Liette, elle, était assise en face d'une jeune file que je ne connaissais que de vue. Elle travaille à la boutique. 
Et on s'est mis à discuter de tout et de rien, de la température, bien sur, de l'été qui se fait désirer, des pannes informatiques qui, quand elles surviennent, plongent désormais les entreprises dans l'obscurité la plus totale. De tout et de rien, vous dis-je. 
Jusque là, je ne parlais qu'avec Liette. Et sans savoir ni comment ni pourquoi, le sujet par excellence, la vie, est tombé sur le tapis; la vie avec ses lieus communs, ses clichés et ses évidences.

C'est cet instant qu'a choisi la jeune fille de la boutique pour sauter dans la conversation et lancer, la tête plongée dans son assiette : «c'est dur la vie, moi,  je trouve ça difficile».

Ses mots sont tombés comme un pavé dans notre petite mare. On aurait dit qu'elle attendait le moment, son moment à elle. Son ton était si grave qu'il imposa tout naturellement un silence. Elle leva à peine les yeux.
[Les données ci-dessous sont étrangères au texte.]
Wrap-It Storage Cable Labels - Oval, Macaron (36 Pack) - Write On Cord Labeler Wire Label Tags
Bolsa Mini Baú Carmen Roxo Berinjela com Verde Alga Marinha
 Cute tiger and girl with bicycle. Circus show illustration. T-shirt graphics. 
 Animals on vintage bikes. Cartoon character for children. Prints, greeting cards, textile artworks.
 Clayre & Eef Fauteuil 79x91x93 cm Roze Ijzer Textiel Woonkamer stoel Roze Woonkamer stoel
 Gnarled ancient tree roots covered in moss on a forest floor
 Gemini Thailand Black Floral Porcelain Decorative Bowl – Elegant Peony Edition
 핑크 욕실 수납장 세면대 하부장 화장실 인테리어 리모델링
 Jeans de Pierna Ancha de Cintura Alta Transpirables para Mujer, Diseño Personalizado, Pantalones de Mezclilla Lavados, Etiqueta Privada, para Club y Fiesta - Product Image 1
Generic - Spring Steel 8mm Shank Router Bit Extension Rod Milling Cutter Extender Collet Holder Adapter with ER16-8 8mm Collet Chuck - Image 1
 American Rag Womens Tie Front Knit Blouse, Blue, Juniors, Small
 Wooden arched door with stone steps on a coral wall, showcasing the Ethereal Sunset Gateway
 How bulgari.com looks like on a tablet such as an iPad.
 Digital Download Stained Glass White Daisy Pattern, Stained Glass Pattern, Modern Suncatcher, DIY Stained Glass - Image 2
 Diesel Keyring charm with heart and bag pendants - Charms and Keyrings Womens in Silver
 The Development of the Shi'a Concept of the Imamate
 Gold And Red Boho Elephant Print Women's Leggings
Une fille, jeune, plutôt mignonne qui, sans qu'on s'y attende, dans un lieu et dans des circonstances qui ne prêtaient nullement à la confidence,  nous balançait  à la gueule un truisme. 
En fait, c'eût pu être un truisme. Or, ce ne l'était pas du tout.

La phrase eut pu nous sembler tout à fait anodine. Elle ne l'était pas. Il n'y avait rien de léger dans cette phrase qu'elle venait de nous envoyer sans prévenir. On sentait qu'elle venait de loin, de très loin. Qu'elle était réfléchie, sentie. Sans pouvoir m'expliquer pourquoi,  il m'est apparu  évident que ces mots étaient le véhicule d'une douleur profonde.

-Allons, t'es toute jeune, lui ai-je dit.

-32 ans, a-t-elle répondu. C'est pu ben ben jeune. Et j'ai rien, je ne possède rien. Et je vois les autres qui ont tout, tout cru dans le bec. Non vraiment,  je trouve ça dur de me battre tout le temps. Je trouve ça dur la vie.

J'ai cru déceler de l'eau dans ses yeux.

Comment ne pas tomber dans la morale? Comment dire à cette toute jeune fille qui, de toute évidence, en arrache, comment lui dire, donc,  sans avoir l'air de parler à travers son chapeau ni de s'immiscer dans ce qui ne nous  regarde pas, qu'il y a, dans la vie, autre chose que les biens, que le matériel et que l'argent? 

La conversation s'est arrêtée. Il était presque 13h. Ramassant ses affaires, la jeune fille s'est levé pour aller à la boutique. Liette s'est aussi levé pour rejoindre ses quartiers. Et je me suis levé moi-aussi. 
En allant vider mes affaires à la poubelle, osant à peine jeter un regard vers  «jeune fille», un peu troublé, je ne m'en cache pas, ne voulant surtout pas la laisser sur cette note, j'ai envoyé niaiseusement:

 «Bah! La vie n'est pas si dure que ça. Regarde-moi,  55 ans. Ça prouve qu'on peut passer à travers pendant un petit bout de temps». 

Pas fort-fort, j'en conviens, d'autant plus que je ne sais rien, ne connais rien de son histoire, de son passé, de son quotidien. Sans expliction, j'étais juste triste pour elle. Qu'est-ce qu'il y avait donc au fond, là, oui, là, exactement là, au fond, qui lui faisait si mal?

J'aurais dû, peut-être, comme Renaud juste lui chanter: «...Te raconter enfin qu'il faut aimer la vie... et l'aimer même si le temps est assassin... et emporte avec lui les rires des enfants...et les mistrals gagnants...». J'aurais peut-être dû.

Cet après-midi à ARTV, j'ai revu La Vita e Bella de Roberto Begnini. et j'ai repensé à la boutiquière.